THEATRE REVIEW: Jamie Lloyd’s Evita starring Rachel Zegler at the London Palladium

By Neil Durham

WORTH A LOOK?: *****

WHEN? Saturday 14 June, opens 27 June and runs through 6 September 2025 RUNTIME: 150 minutes (with a 20-minute interval)

Zegler may be best known currently as a film star (West Side Story and more recently Snow White) but that is all about to change as she is absolutely sensational in this debut London stage role.

  • Read on for reasons including why this is London’s must-see musical of the moment

Director Jamie Lloyd brought his original production of Andrew Lloyd Webber’s Evita to Regent’s Park Open Air Theatre in 2019.

The cast has changed but the concept remains the same with numbers performed energetically by a youthful, all-singing, all-dancing cast so on point that the effect is like watching high quality pop music videos on repeat on a stage with steps leading up to the orchestra area.

This week Lloyd’s production of Sunset Boulevard won 3 Tonys, including for Nicole Scherzinger as a Best Performance By An Actress In A Leading Role In A Musical, and this Evita is very much in keeping with the spirit of that.

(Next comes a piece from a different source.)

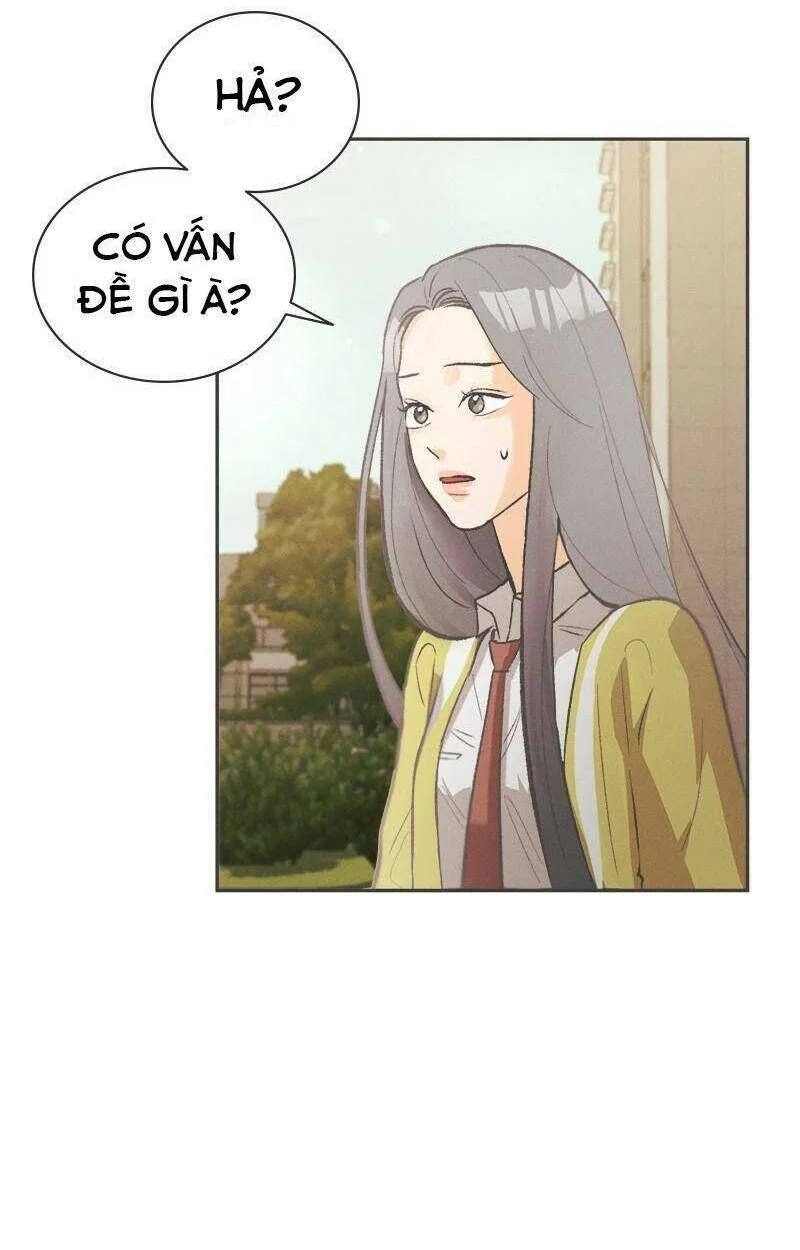 Giấc Mộng Đêm Hè Chap Chapter 6-Giấc Mộng Đêm Hè - Next Chap 8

What the Regent’s Park production didn’t have was what appeared to be a pre-filmed, although it may have been live, backstage at the Palladium performance of arguably the show’s best loved song Don’t Cry For Me Argentina which then goes out from the venue’s public balcony looking out onto central London.

It could have been epic but we felt it might have been more impactful had it been from a box inside the theatre but there’s no denying the effect it has on opening out the show played on a giant video screen in front of the orchestra allowing Zegler’s Evita to emerge cleverly from behind it singing next number High Flying, Adored.

Evita‘s a demanding role and Lloyd’s production requires Zegler to both sing and dance with extremely complex choreography but we were wowed by the superb diction, strong singing voice and mesmerising charisma Zegler brought to the role.

We couldn’t take our eyes off her despite the strong performance by Diego Andres Rodriguez as narrator Che who ends the show in only his boxer shorts and covered in paint representing the colours of the Argentinian flag as doubts are raised over the actions of our heroine.

Evita, of course, is based on the true tale of the rise and fall of an Argentinian dictator’s wife who rails against the Establishment while becoming beloved by the public.

We still think it’s odd subject matter but the show is filled with banger after banger, very unusual for Andrew Lloyd Webber, and while the uptempo nature of the musical elevates lesser known tracks like the new in town Buenos Aires our own favourites like the seductive I’d Be Surprisingly Good For You are still well showcased.

We still love the sinister balloon popping of the original Regent’s Park Theatre production which remains here but it is the showstopping performance by Zegler that makes this London’s must-see musical of the moment.